Die Meinungsbildung findet nicht mehr ausschließlich vermittelt über die Volksvertreter statt. Zwar bleiben Politik und ihre Gremien Schnittstelle der Kommunikation, aber die Anforderungen haben sich erhöht. Bürger möchten heute unmittelbar und ohne politischen Filter wissen, was an ihrem Standort passiert. Gleichzeitig wollen sie ihre Standpunkte einbringen. Jeder Einzelne, der an einem Standort interessiert ist, kann als Befürworter oder Gegner eines Projektes aktiv werden. Wichtig ist dabei im Auge zu behalten, dass makro-orientierte Interessen der Stadtentwicklung nicht von mikro-orientierten Partikularinteressen überdeckt werden.
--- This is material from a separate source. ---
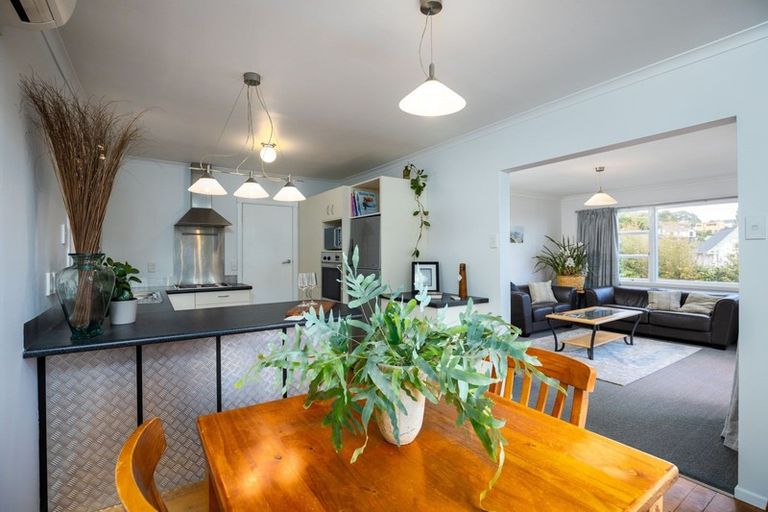 Photo of property in 75 Cutfield Road, New Plymouth, 4310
So steckt in nahezu jedem städtebaulich relevanten Projekt das Potenzial eines vorab schwer zu kalkulierenden Kommunikationsaufwands. Ein aktives und frühzeitiges Einbinden relevanter Anspruchsgruppen und die schon mehrfach angesprochene Transparenz können jedoch dafür sorgen, dass Meinungsunterschiede und Interessenkonflikte frühzeitig benannt und gelöst werden. Natürlich gibt es Gegensätze zwischen den unterschiedlichen Anspruchsgruppen. Politik, Verwaltung, Eigentümer, Anwohner und weitere Beteiligte beurteilen soziodemografische Faktoren, Erfordernisse der Infrastruktur, Wirtschaftlichkeit sowie weitere Aspekte der städtebaulichen Planung nach ihrem jeweils persönlichen Blickwinkel. Daraus können durchaus berechtigte Anforderungen entstehen. Sie im Bereich des Möglichen aufzunehmen, setzt Kompromissbereitschaft auf allen Seiten voraus, reduziert aber die Gefahr, dass in einem laufenden Bauleitplanverfahren plötzlich Kritik und eine zersplitterte Interessenslage entstehen.

Große Bau- und Infrastrukturprojekte können zukünftig nur noch dann durchgesetzt werden, wenn sie in dialogorientierten Verfahren transparent gemacht und mit den interessierten Gruppen vorab diskutiert werden. Diese Methode ist zwar mit einem höheren zeitlichen, finanziellen und personellen Aufwand verbunden, im Ergebnis aber zielführender und konfliktfreier als der Versuch, Beteiligungsinteressen zu ignorieren. Es wurden gute Erfahrungen damit gemacht, Gesprächsplattformen aus mehrstufigen öffentlichen Veranstaltungen zu schaffen.

Voraussetzung für den Dialog ist jedoch, dass Spielregeln definiert und akzeptiert werden. Ergebnisse werden dargestellt, das Verfahren der direkten Beteiligung wird jedoch auch klar abgeschlossen. Das heißt nicht, dass die Kommunikation dann eingestellt wird - diese läuft selbstverständlich im gesamten Entwicklungsprozess weiter. Es bedeutet aber, dass ein Punkt definiert wird, an dem Planungen beendet sind und Entscheidungen getroffen beziehungsweise umgesetzt werden. Und das dann im konstruktiven Zusammenspiel aller Partner.